Menno Witter was born in The Netherlands in 1953. He did his PhD with professors Anthony Lohman and Fernando Lopes da Silva at the VU University and VU medical center in Amsterdam, where he published the first detailed anatomical account of the organization of the entorhinal cortex, focusing on its role in hippocampal-cortical interactions (1985). After his Ph.D., he worked with David Amaral and Gary VanHoesen in the US (1985/1986) on the organization of the entorhinal-hippocampal system in primates and continued to work as assistant professor in the department of Anatomy at the Vrije University. In 1989 he published two influential papers on the anatomy of the cortico-hippocampal system, which still are considered 'classics' in the field. In these papers he proposed functional differentiation within the hippocampus and parahippocampus, an issue which is now at the heart of some of the more promising research lines in the hippocampal field. In 1990, together with David Amaral, he initiated the launch of the journal Hippocampus, which, now being in its 19th year, is a major vehicle for communication among scientists in the field. As of 1990, he headed his own research group, focusing on the functional organization of the medial temporal lobe (MTL), in particular in relation to learning and memory and Alzheimer's disease. In 1993, he worked as a visiting scientist and senior consultant with Prof. Dr. G. Matsumoto and Dr. T. Iijima, ETL, Tsukuba, Japan, where he started to use voltage-sensitive dye imaging to study network properties of the hippocampal-parahippocampal system. This powerful approach resulted in the description of networks potentially mediating reverberation, a proposed mechanism for memory storage. This collaboration has continued over the years, focusing on possible interactions between multiple input pathways onto identified neuronal populations.

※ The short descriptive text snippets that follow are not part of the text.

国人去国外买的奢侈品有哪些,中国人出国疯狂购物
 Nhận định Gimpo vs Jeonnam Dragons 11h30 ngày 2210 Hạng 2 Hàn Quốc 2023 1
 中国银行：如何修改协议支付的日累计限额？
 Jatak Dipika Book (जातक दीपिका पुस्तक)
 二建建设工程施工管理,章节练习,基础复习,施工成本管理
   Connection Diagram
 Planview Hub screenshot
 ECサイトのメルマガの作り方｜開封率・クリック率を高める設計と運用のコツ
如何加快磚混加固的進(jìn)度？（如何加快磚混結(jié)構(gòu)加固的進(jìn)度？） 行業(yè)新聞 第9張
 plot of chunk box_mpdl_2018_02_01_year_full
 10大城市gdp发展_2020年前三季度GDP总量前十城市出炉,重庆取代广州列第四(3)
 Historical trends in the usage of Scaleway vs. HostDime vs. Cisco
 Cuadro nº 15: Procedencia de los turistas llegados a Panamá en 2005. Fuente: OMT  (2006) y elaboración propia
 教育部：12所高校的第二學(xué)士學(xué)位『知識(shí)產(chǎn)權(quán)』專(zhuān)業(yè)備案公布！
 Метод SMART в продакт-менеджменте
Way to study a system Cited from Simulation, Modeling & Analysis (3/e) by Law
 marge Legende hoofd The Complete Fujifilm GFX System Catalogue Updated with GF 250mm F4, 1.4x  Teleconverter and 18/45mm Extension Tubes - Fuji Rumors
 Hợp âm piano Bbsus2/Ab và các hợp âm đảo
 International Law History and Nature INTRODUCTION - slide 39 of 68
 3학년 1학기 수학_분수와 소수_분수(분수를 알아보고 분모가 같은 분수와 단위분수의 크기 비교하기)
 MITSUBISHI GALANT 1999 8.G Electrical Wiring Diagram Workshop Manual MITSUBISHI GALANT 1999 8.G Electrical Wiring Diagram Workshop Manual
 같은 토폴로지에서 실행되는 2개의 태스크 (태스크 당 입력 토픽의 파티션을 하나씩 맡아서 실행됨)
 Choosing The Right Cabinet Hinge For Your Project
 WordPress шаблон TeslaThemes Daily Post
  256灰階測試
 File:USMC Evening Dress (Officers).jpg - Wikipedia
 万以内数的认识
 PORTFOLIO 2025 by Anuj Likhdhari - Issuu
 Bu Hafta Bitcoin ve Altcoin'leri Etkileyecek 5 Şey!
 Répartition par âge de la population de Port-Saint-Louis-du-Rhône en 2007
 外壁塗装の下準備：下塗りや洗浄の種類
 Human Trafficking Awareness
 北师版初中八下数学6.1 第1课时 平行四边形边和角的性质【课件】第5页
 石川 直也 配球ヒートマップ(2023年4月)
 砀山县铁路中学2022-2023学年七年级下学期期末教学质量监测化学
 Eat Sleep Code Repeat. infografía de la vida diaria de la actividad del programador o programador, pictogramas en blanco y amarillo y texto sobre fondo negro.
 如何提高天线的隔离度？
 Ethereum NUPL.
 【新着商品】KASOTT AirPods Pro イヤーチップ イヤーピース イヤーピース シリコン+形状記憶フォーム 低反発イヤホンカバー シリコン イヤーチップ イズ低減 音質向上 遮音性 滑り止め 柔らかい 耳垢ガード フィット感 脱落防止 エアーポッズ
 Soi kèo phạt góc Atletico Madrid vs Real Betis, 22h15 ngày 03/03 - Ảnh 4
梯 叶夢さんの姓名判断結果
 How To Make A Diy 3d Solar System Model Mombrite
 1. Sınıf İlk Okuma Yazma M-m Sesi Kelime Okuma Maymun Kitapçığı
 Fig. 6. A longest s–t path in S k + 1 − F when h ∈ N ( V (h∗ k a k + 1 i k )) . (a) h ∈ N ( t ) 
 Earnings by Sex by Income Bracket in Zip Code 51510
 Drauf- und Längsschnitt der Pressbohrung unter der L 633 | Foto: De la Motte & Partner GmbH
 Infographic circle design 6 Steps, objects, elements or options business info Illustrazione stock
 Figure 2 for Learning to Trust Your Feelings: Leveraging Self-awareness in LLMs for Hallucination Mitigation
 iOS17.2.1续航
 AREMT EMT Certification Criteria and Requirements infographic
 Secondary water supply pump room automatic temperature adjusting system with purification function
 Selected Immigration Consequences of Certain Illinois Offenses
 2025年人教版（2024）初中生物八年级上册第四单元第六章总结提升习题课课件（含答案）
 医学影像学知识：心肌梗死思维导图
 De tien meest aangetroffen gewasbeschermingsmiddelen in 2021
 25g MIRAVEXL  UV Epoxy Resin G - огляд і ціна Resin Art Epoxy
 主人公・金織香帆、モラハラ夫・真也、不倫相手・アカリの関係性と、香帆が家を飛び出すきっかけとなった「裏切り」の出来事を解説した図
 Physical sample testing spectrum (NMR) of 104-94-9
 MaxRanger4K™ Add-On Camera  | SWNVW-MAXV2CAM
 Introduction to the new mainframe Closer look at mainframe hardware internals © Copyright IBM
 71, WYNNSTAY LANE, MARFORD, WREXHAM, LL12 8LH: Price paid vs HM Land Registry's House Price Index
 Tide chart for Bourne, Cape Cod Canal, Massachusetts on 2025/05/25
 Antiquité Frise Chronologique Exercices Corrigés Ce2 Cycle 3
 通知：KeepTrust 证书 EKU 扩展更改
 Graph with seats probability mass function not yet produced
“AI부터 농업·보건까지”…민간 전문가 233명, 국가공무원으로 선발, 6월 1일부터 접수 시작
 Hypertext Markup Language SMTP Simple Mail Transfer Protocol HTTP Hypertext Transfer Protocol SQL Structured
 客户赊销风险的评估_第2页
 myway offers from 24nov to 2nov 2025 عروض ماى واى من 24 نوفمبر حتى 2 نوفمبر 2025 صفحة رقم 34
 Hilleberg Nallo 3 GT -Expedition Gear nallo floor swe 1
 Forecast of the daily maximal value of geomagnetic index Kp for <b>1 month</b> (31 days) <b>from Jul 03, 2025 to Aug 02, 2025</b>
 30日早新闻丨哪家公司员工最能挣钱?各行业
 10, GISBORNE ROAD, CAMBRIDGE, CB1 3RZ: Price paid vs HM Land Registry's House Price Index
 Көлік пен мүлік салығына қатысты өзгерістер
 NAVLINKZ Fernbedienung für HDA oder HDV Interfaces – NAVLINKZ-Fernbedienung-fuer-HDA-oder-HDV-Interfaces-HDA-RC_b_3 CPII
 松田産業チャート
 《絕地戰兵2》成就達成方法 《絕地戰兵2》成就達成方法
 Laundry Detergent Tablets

In 1995, he was appointed as full professor in Anatomy and Embryology at the VU University Medical Center where he continued his work on functional anatomy of the cortico-hippocampal system, combined with in vivo electrophysiology and human functional MRI studies. He contributed significantly to our understanding of parallel input-output pathways between the parahippocampal region and the hippocampus, and the possibility of functional heterogeneity between hippocampal and parahippocampal subfields as well as within the individual subfields. In addition, on the basis of clinical and experimental data, he published a series of influential papers on the role of the midline and intralaminar thalamus in cognition and its contribution to diencephalic amnesia and frontal syndromes. In 1999 he was appointed as scientific director of the Institute for Neuroscience of the VU/VUmc and as director of the Graduate School Neuroscience Amsterdam. He was one of the founding directors of the Center for Neurogenomics and Cognitive Research VU/Vumc (2003).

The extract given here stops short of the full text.